Y, por entre los serpenteos del barranco de Otal, nos topamos con un perro que se convirtió en nuestro guía. Se movía ligero, de un lado a otro, a pesar de lo frondoso del lugar. Nos llevaba detrás, caminado deprisa –no queríamos perderle la pista– y, por segundos, me pareció que no era cualquier animal. Sentí a ese perro como el que acompaña al último habitante de Ainielle y, ya entre las desaparecidas calles de Escartín, creí ver esos fantasmas que aliviaban la soledad del protagonista de ‘La lluvia amarilla’. Empaticé con el personaje que habitaba Ainielle, que tan cercano pudo ser en relato a tantos otros últimos habitantes de últimos pueblos.

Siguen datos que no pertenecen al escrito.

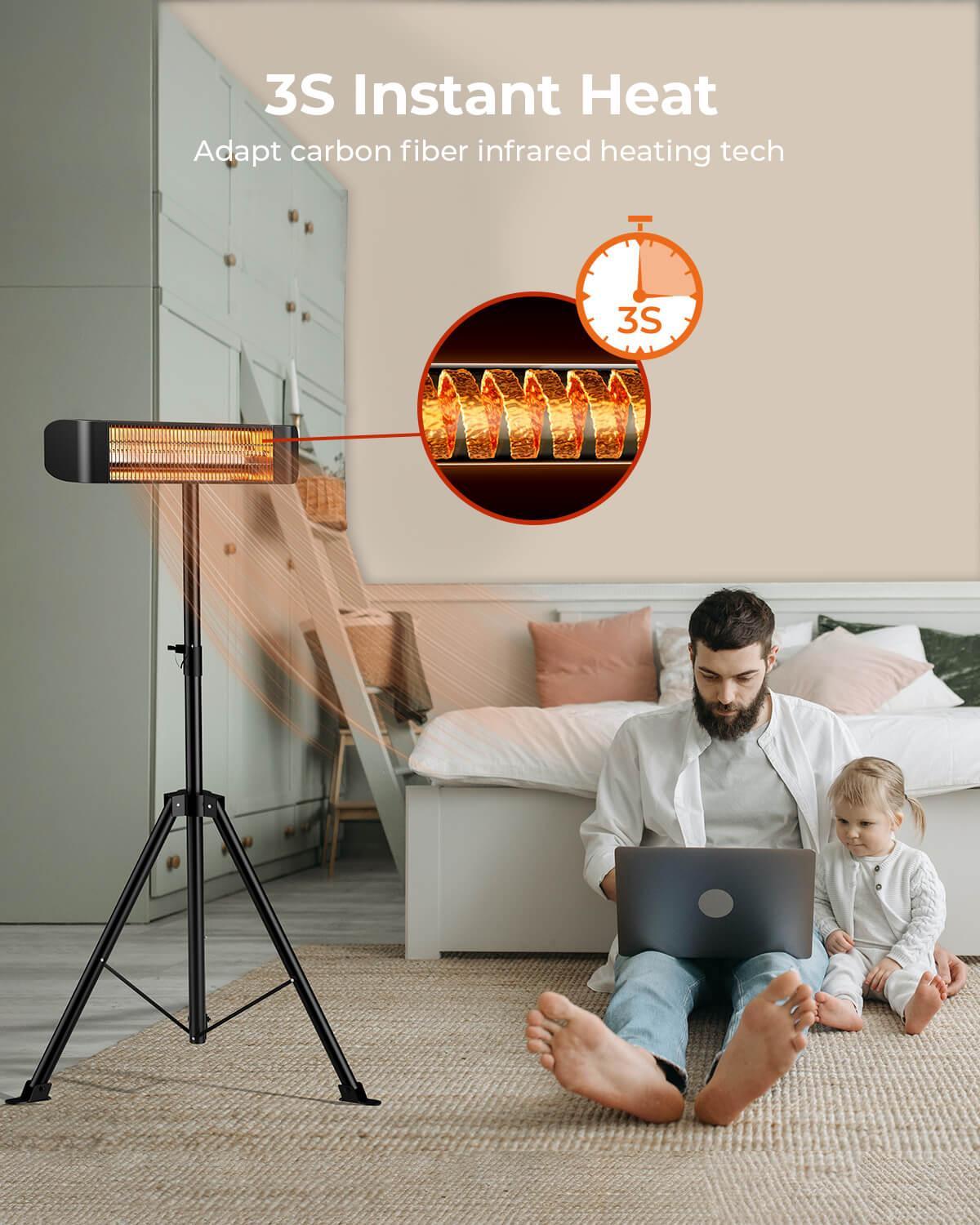 MAXOAK Infrared Patio Heater 1500W for Outdoor Indoor-QHA - Maxoak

Empaticé, sin tener nada que ver con el lugar, en una muestra más del inefable poder de la literatura. 

Es que entre letras se nos pasa la vida. Hasta la historia, al final, no acaba siendo más que eso: una serie de grafemas impresos en las páginas de algún volumen, más o menos ficcionado, según quien los imprima. 

Es que todo lo que importa está en esos libros que adornan nuestros estantes. Todo el conocimiento se condensa en unos párrafos cuyo dueño no pide nada a cambio de los mismos; nada más que prestar la atención suficiente para recibir su dosis altruista de sabiduría. 

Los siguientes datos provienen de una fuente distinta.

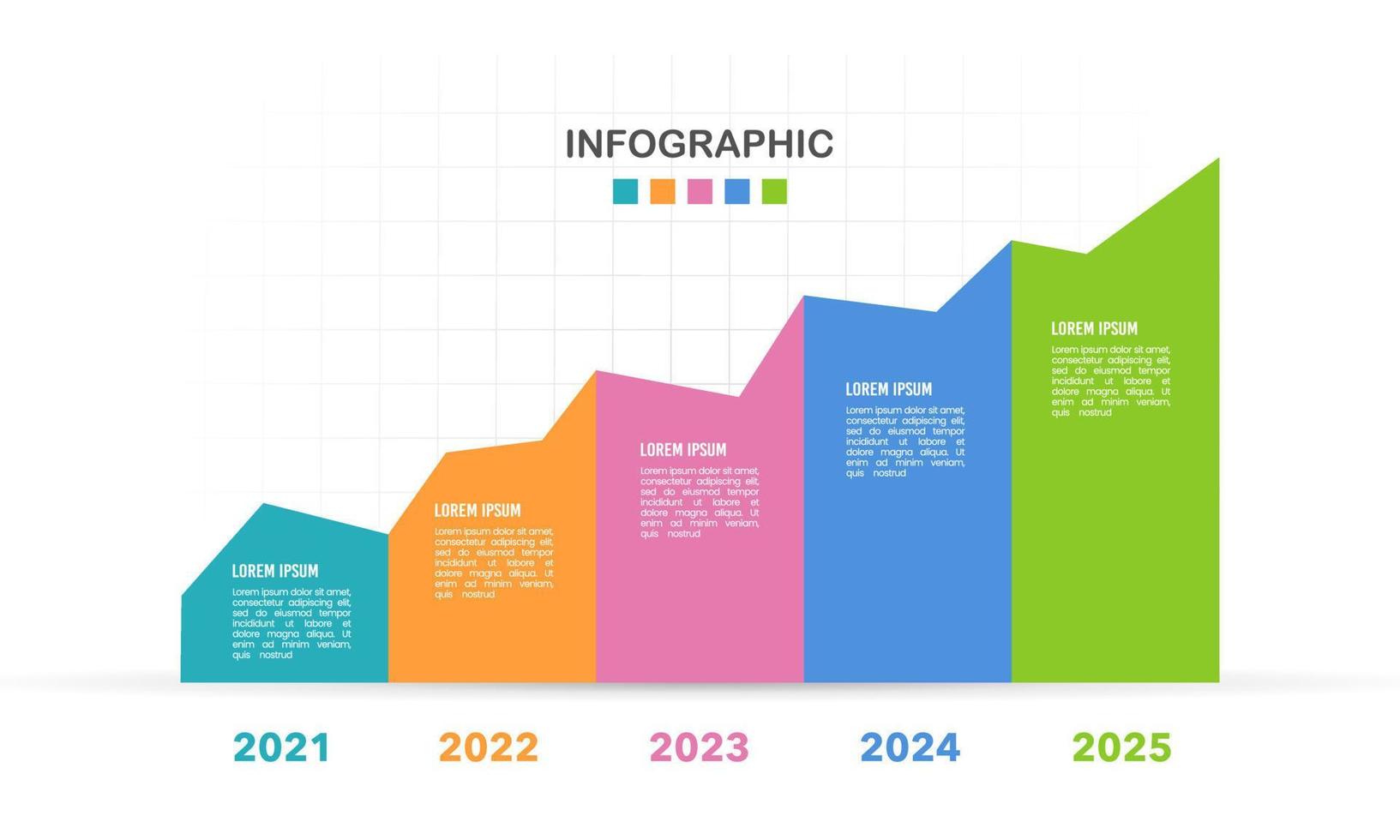 5-year business growth infographic chart. Vector illustration.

Y, por entre los serpenteos del valle de Otal, se escucha el río Forcos magnánimo. Dice que sigamos descubriendo, que volvamos a leer ‘La lluvia amarilla’, que la más vetusta herramienta para negarse al olvido de espacios como Ainielle o Escartín, al dolor de unos años oscuros que parecen dejados atrás, al desconsuelo de sus coetáneos y a la fortaleza de sus madres, es un libro. Susurra que hay que pasar de página, sí, pero que de poco sirve cambiar a un capítulo nuevo si no se recuerda el anterior.

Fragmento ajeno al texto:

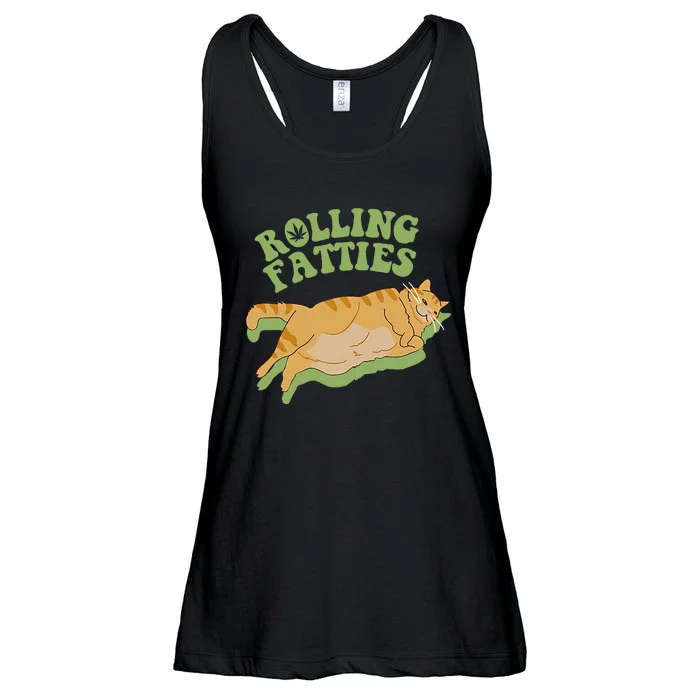 Vintage Rolling Fatties Cat Retro Kitty Kitten Meow Ladies Essential Flowy Tank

Y el río Forcos sesea entre las piedras. Su voz se mezcla con el trinar de las aves y juntos suenan. Se confunden melódicos con las campanas de la Catedral. El toque es de anuncio y de festejo. Esas campanas bucólicas invitan a celebrar y repiquetean al son de un sutil «feliz Día del Libro». 

O no, espera: no ha dicho día... Su rumor confuso me hace cerrar los ojos y escuchar. Y le oigo decir que «feliz Vida del Libro». Al menos, así me lo parece.